The study pooled data from 384 firm-year observations across 64 sampled companies listed on the Nigerian Stock Exchange (NSE). Researchers developed a disclosure index of both IFRSs mandatory and voluntary by applying content analysis and multiple regression techniques and analyze the association of disclosure and performance of the firms expressed return on capital employed (ROCE) as a performance index. The study also examined the relationship between market-based performance, company attributes, and overall disclosure.
- Share Price Matters: The study found that share price, company size, and audit firm size were significantly and positively related to the overall disclosure of firms. This suggests that companies with higher share prices and larger market capitalization tend to be more transparent in their financial reporting.
- The "Big 4" Effect: The study also found a strong positive correlation between the size of the audit firm (specifically, whether a company was audited by one of the "Big 4" firms – Ernst & Young, Deloitte, KPMG, and PwC) and the extent of IFRS disclosure. This implies that companies audited by these large, reputable firms tend to have more comprehensive disclosures.

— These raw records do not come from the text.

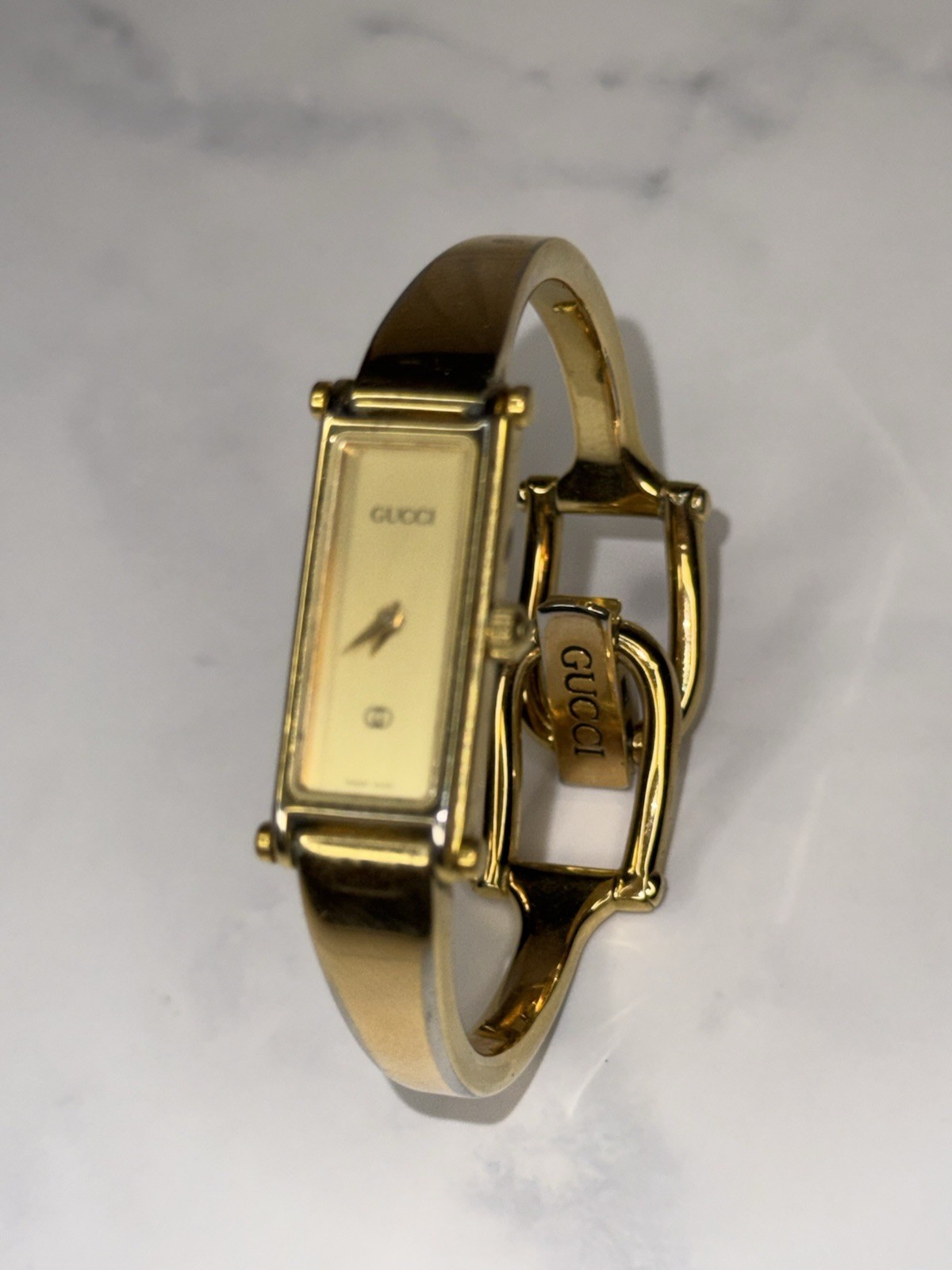 Vintage Gucci 1500L Womens Gold Tone Bangle Watch Horsebit Swiss Made Quartz
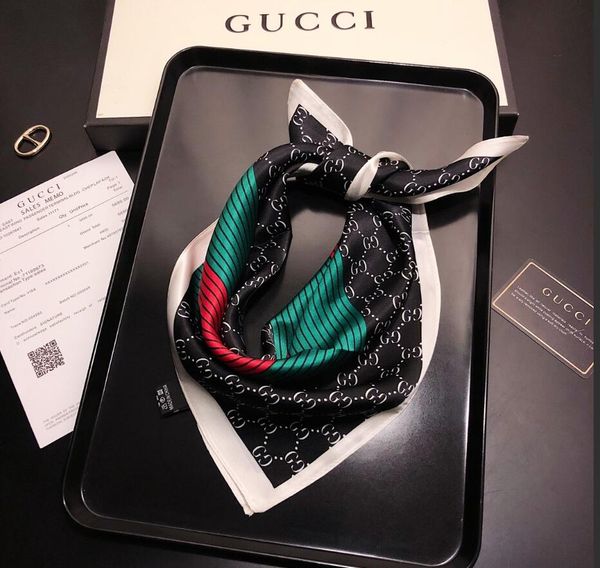2020 мода женщины смоулль gucci шелковый шарф цветочные печати tie дизайн шелковый шарф глава ggscarf brand handle bag ленты длинные шарфы, Blue;gray 
2020 мода женщины смоулль gucci шелковый шарф цветочные печати tie дизайн шелковый шарф глава ggscarf brand handle bag ленты длинные шарфы, Blue;gray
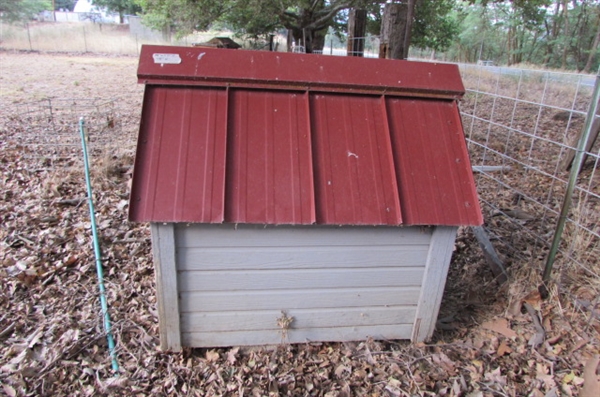 SMALL WOOD DOG HOUSE WITH METAL ROOF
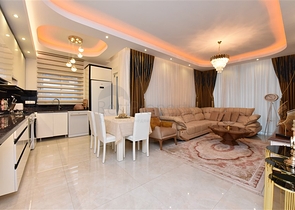 Шикарная трехкомнатная квартира в центре Махмутлара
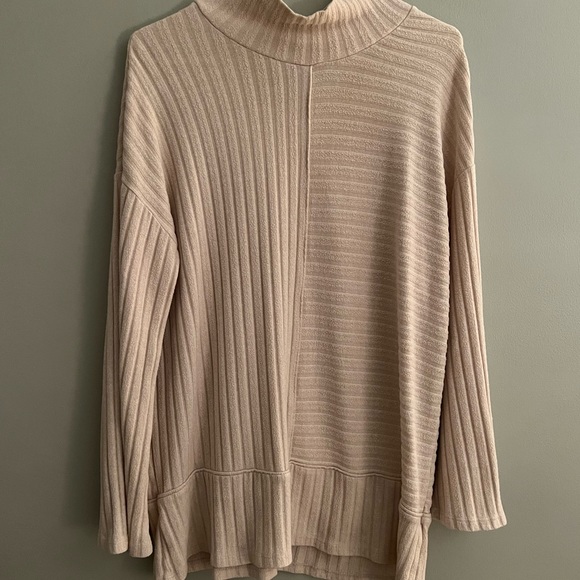 Anthropologie Sweaters - EUC Anthropologie Saturday Sunday Mock Neck Tunic Sweater with Mock Neck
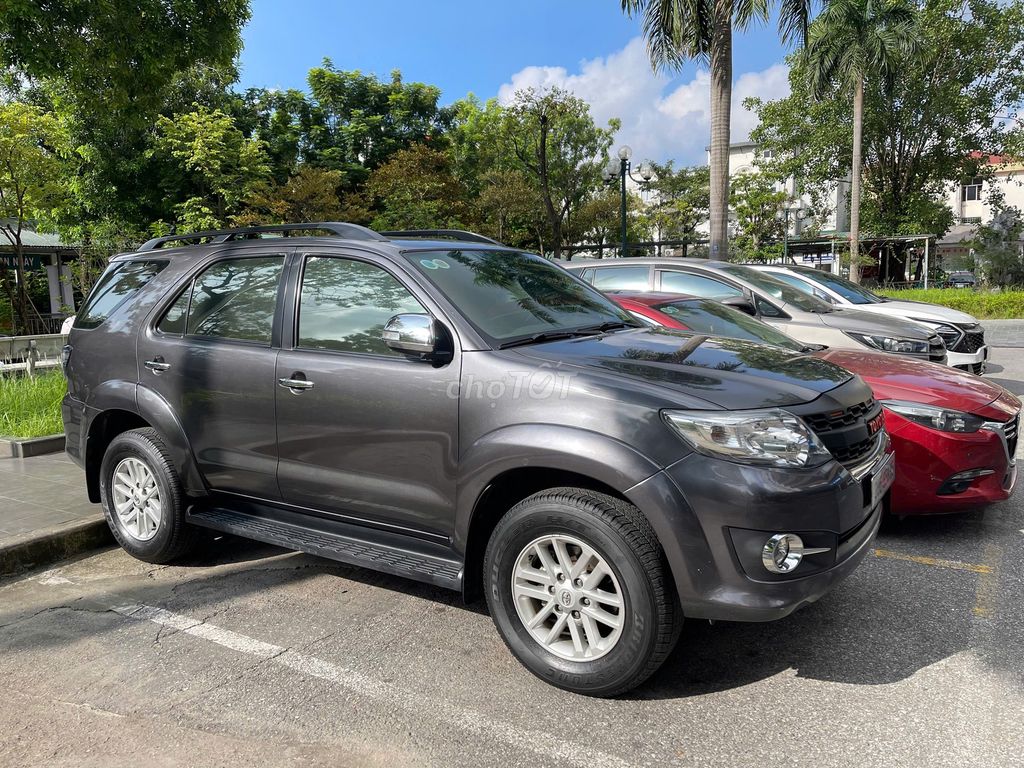 Toyota Fortuner 2012 Đẹp không đối thủ XUẤT SẮC. Mua bán Ô tô tại Quận Thanh Xuân Hà Nội được đăng bởi Vạn Phát  Auto hình 15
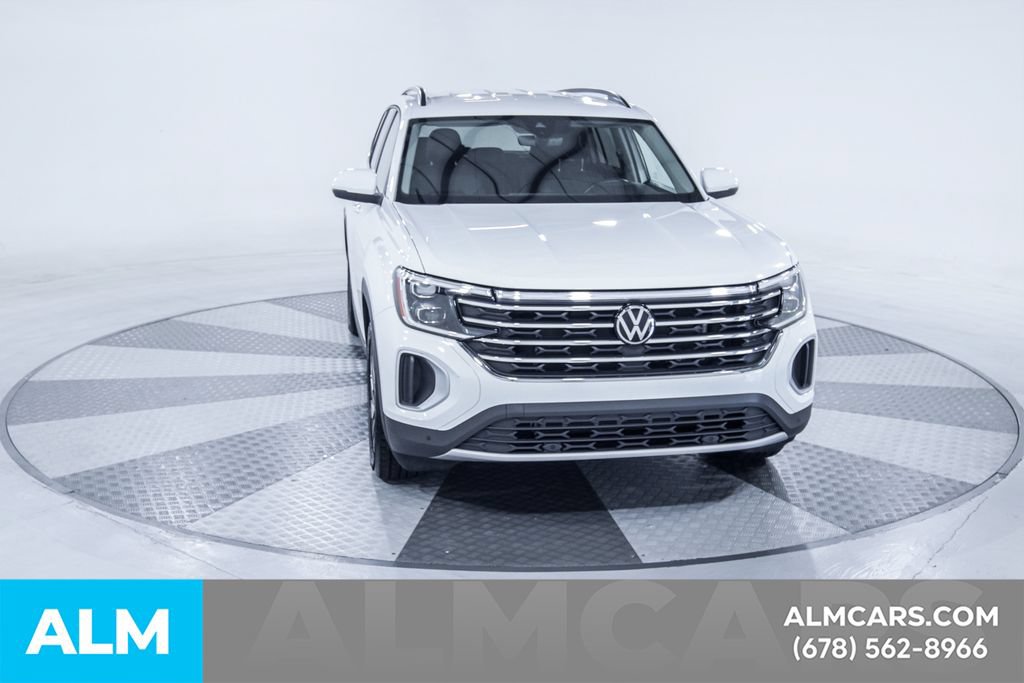 Used 2025 Volkswagen Atlas SE FWD image 14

- Leverage and Age: The study found no significant relationship between leverage, company age, and overall disclosure index
Implications for Investors and Policymakers
This research offers valuable insights for investors and policymakers in Nigeria. For investors, it underscores the importance of looking beyond the sheer volume of IFRS disclosure and considering other factors, such as company size, share price, and the reputation of the audit firm, when evaluating investment opportunities. For policymakers, the study highlights the need to promote high-quality auditing practices and ensure that companies are providing relevant and decision-useful information to investors. Continuous training and resources for companies on IFRS implementation are also crucial to improving the overall quality of financial reporting in Nigeria.